» **Material provided**:

--

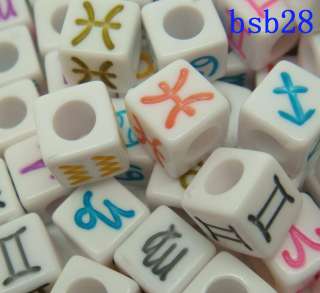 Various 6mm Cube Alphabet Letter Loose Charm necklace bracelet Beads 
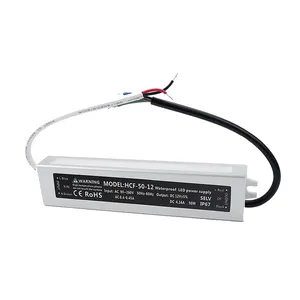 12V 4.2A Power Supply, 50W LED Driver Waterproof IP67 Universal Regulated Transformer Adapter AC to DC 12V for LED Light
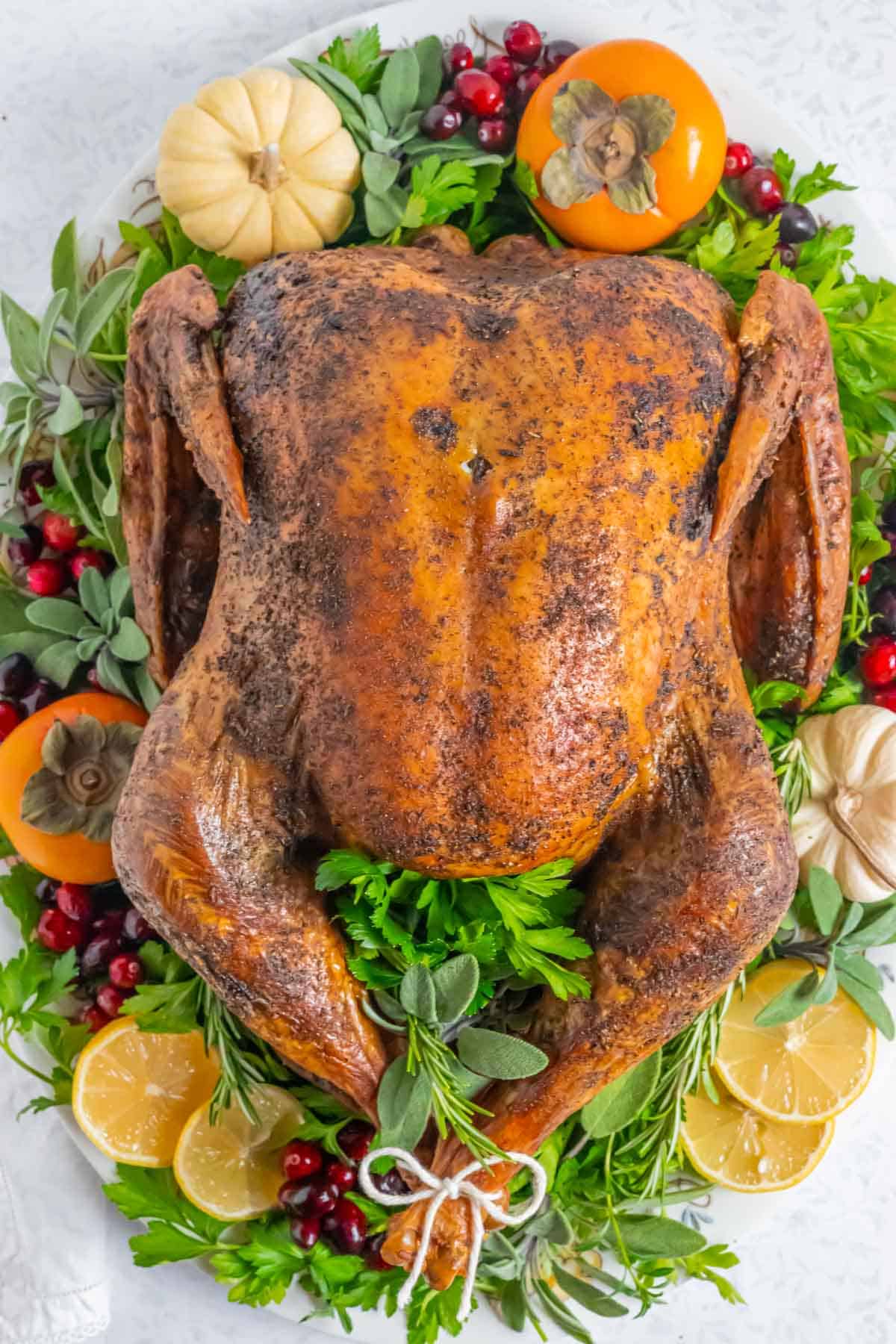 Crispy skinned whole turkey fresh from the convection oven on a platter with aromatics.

--

» **Problem**: Keep the pictures out while you retype all of the data above exactly as it appears.

» **Solution below**:
 Various 6mm Cube Alphabet Letter Loose Charm necklace bracelet Beads 
 12V 4.2A Power Supply, 50W LED Driver Waterproof IP67 Universal Regulated Transformer Adapter AC to DC 12V for LED Light
 Crispy skinned whole turkey fresh from the convection oven on a platter with aromatics.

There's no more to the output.